A Comparative Study of Acoustic and Linguistic Features Classification for Alzheimer’s Disease Detection
Jinchao Li, Jianwei Yu, Zi Ye, Simon Wong, Manwai Mak, Brian Mak, Xunying Liu, and Helen Meng
With the global population ageing rapidly, Alzheimer’s Disease (AD) is particularly prominent in older adults, which has an insidious onset followed by gradual, irreversible deterioration in cognitive domains (memory, communication, etc). Thus the detection of Alzheimer’s Disease is crucial for timely intervention to slow down disease progression. This paper presents a comparative study of different acoustic and linguistic features for the AD detection using various classifiers. Experimental results on ADReSS dataset reflect that the proposed models using ComParE, X-vector, Linguistics, TFIDF and BERT features are able to detect AD with high accuracy and sensitivity, and are comparable with the state-of-the-art results reported. While most previous work used manual transcripts, our results also indicate that similar or even better performance could be obtained using automatically recognized transcripts over manually collected ones. This work achieves accuracy scores at 0.67 for acoustic features and 0.88 for linguistic features on either manual or ASR transcripts on the ADReSS Challenge test set.

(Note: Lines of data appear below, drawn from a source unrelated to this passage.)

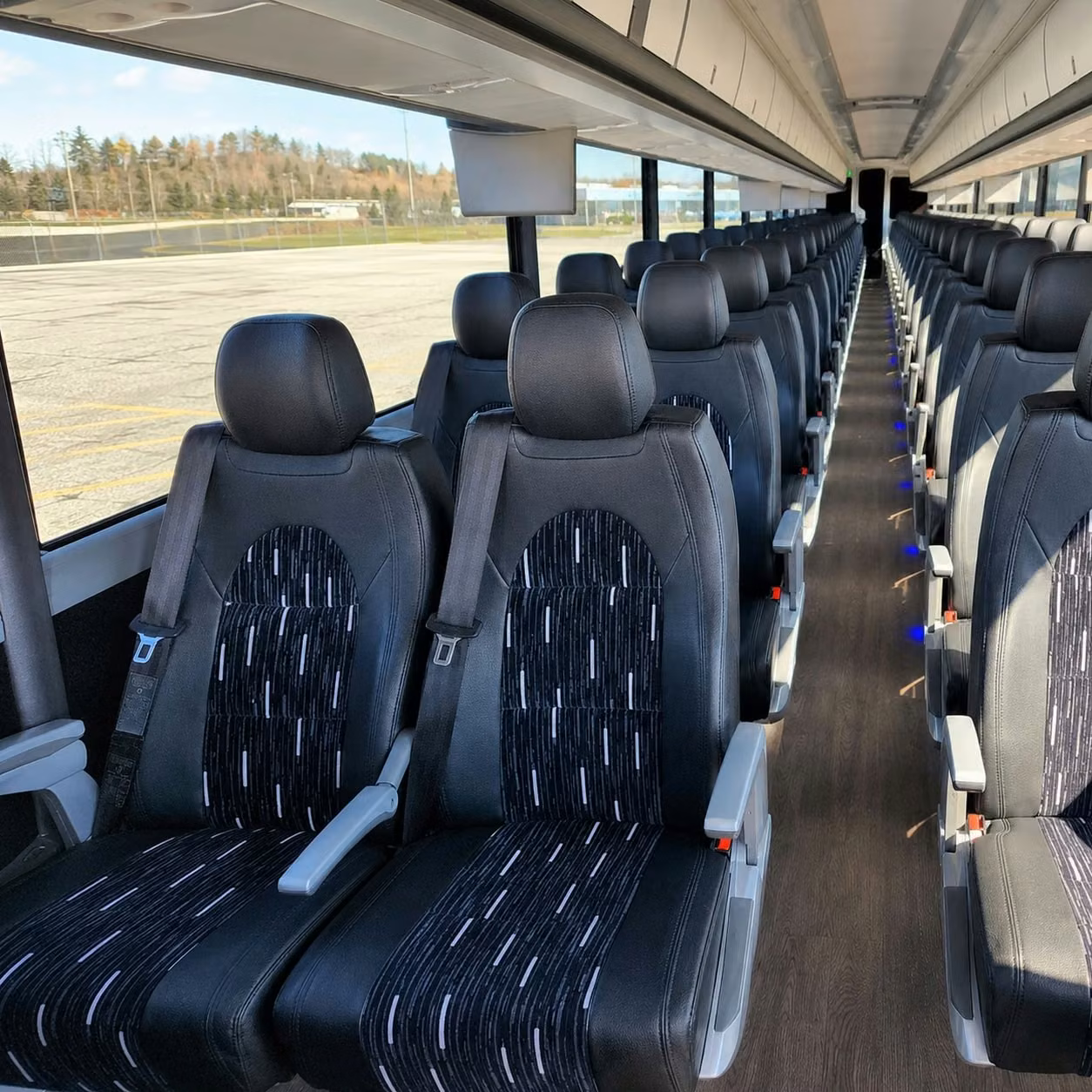 peachtree city charter bus interior 2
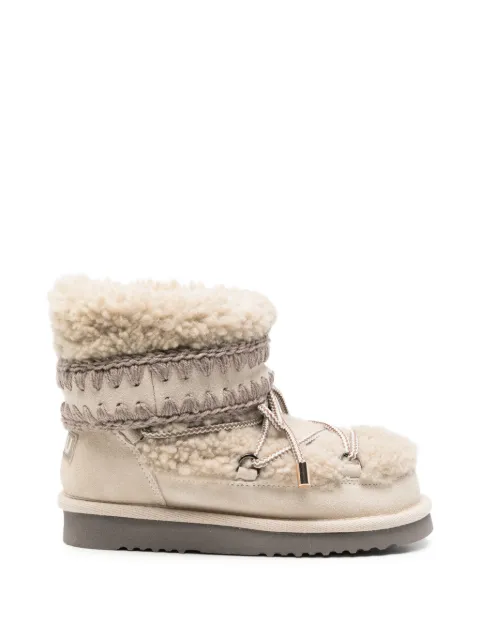 Mou Eskimo 18 crochet-trim ankle boots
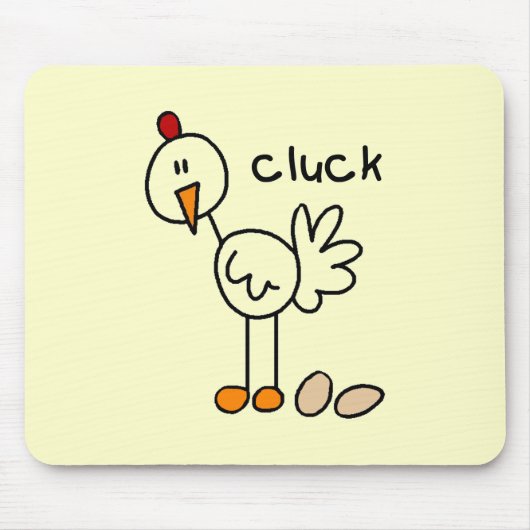 Strichmännchen-Huhn-T-Shirts und Geschenke Mousepad (Vorne)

Development of the CUHK Elderly Speech Recognition System for Neurocognitive Disorder Detection Using the DementiaBank Corpus
Zi Ye, Shoukang Hu, Jinchao Li, Xurong Xie, Mengzhe Geng, Jianwei Yu, Junhao Xu, and 4 more authors
Early diagnosis of Neurocognitive Disorder (NCD) is crucial in facilitating preventive care and timely treatment to delay further progression. This paper presents the development of a state-of-the-art automatic speech recognition (ASR) system built on the Dementia-Bank Pitt corpus for automatic NCD detection. Speed perturbation based audio data augmentation expanded the limited elderly speech data by four times. Large quantities of out-of-domain, non-aged adult speech were exploited by cross-domain adapting a 1000-hour LibriSpeech corpus trained LF-MMI factored TDNN system to DementiaBank. The variability among elderly speakers was modeled using i-Vector and learning hidden unit contributions (LHUC) based speaker adaptive training. Robust Bayesian estimation of TDNN systems and LHUC transforms were used in both cross-domain and speaker adaptation. A Transformer language model was also built to improve the final system performance. A word error rate (WER) reduction of 11.72% absolute (26.11% relative) was obtained over the baseline i-Vector adapted LF-MMI TDNN system on the evaluation data of 48 elderly speakers. The best NCD detection accuracy of 88%, comparable to that using the ground truth speech transcripts, was obtained using the textual features extracted from the final ASR system outputs.